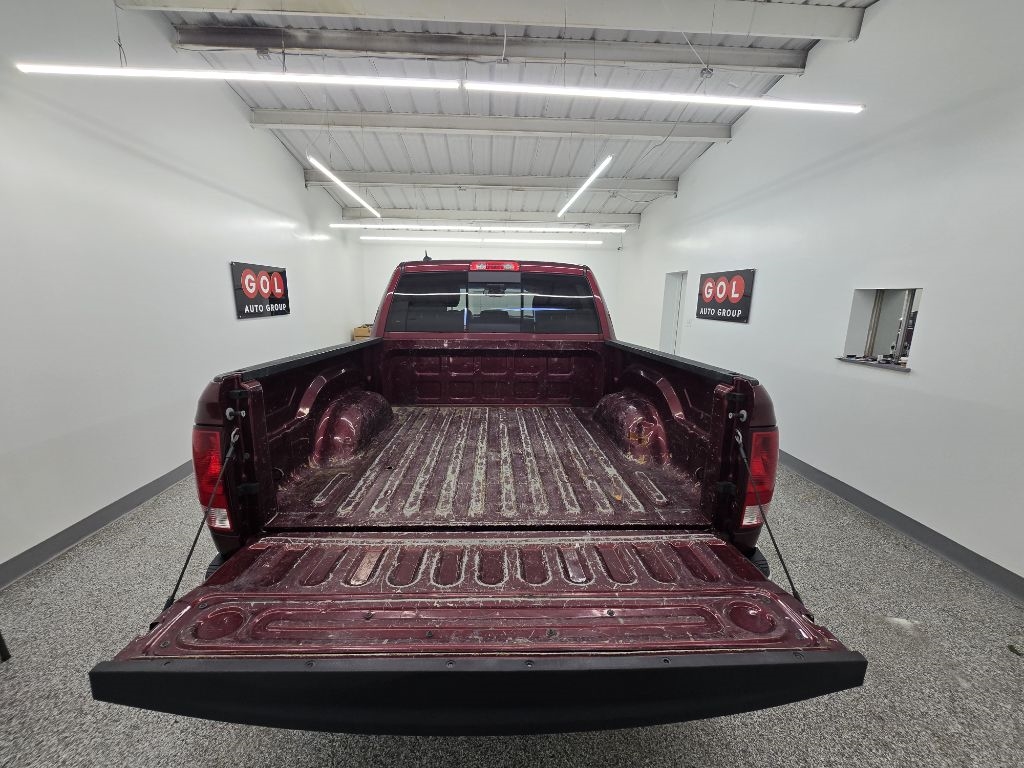 RAM 1500 Lone Star 4x2 Crew Cab 5'7" Box 2018 RAM 1500 Lone Star 4x2 Crew Cab 5'7" Box 2018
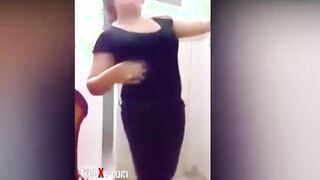 نجوي بتاعت المنيا اطورت في شغالها بقيت ترقص ل زبون قبل ما ينيكها و يفشخ كسها سكس مصري
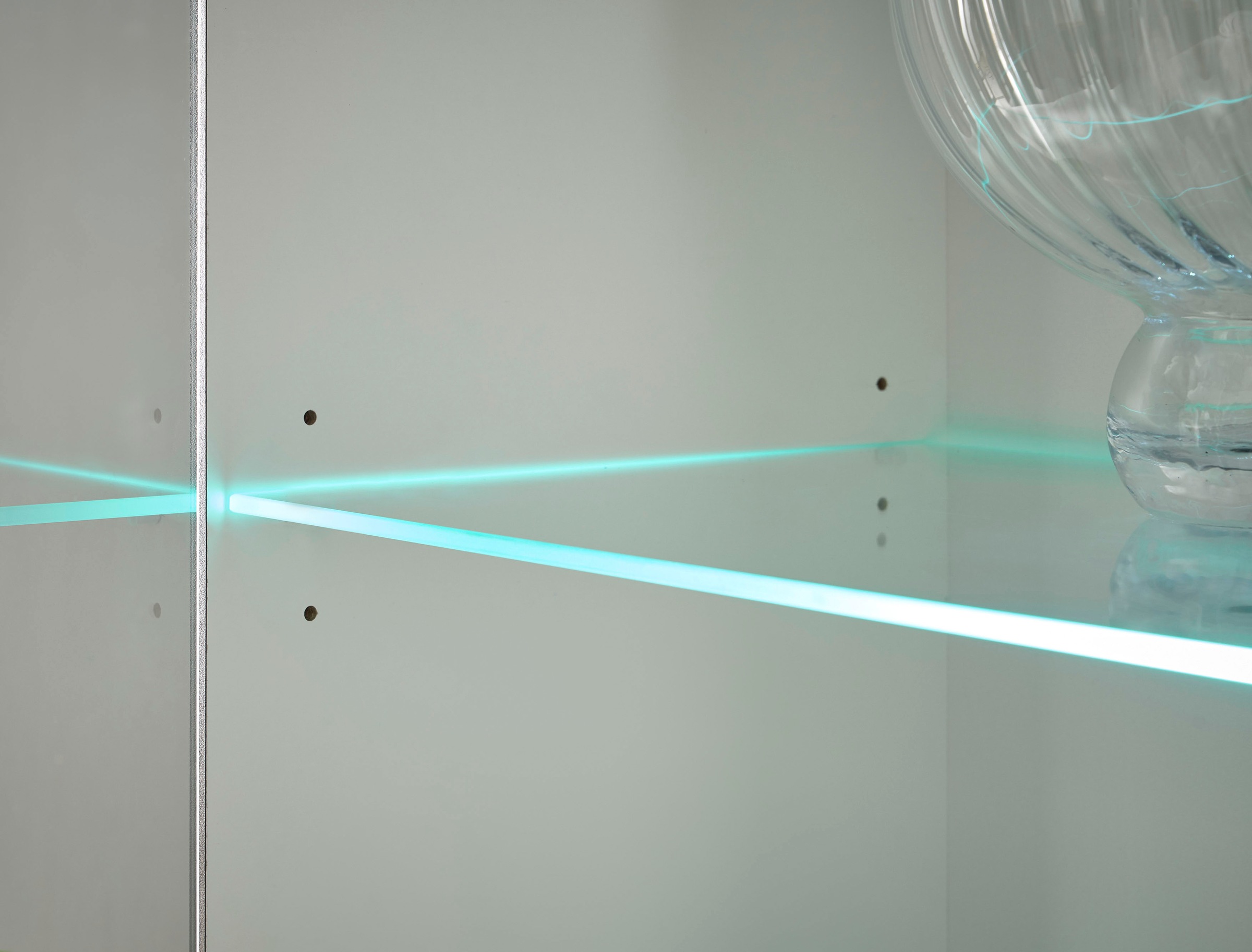 INOSIGN Vitrine »Cantara, Vitrinenschrank in Eiche Evoke oder weiß, Standvitrine«, schwarzer Stangengriff, ausreichend Stauraum, vielseitig einsetzbar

# # #

Everything in the data except the pictures must be retyped exactly.

Answer below:
 RAM 1500 Lone Star 4x2 Crew Cab 5'7" Box 2018 RAM 1500 Lone Star 4x2 Crew Cab 5'7" Box 2018
 نجوي بتاعت المنيا اطورت في شغالها بقيت ترقص ل زبون قبل ما ينيكها و يفشخ كسها سكس مصري
 INOSIGN Vitrine »Cantara, Vitrinenschrank in Eiche Evoke oder weiß, Standvitrine«, schwarzer Stangengriff, ausreichend Stauraum, vielseitig einsetzbar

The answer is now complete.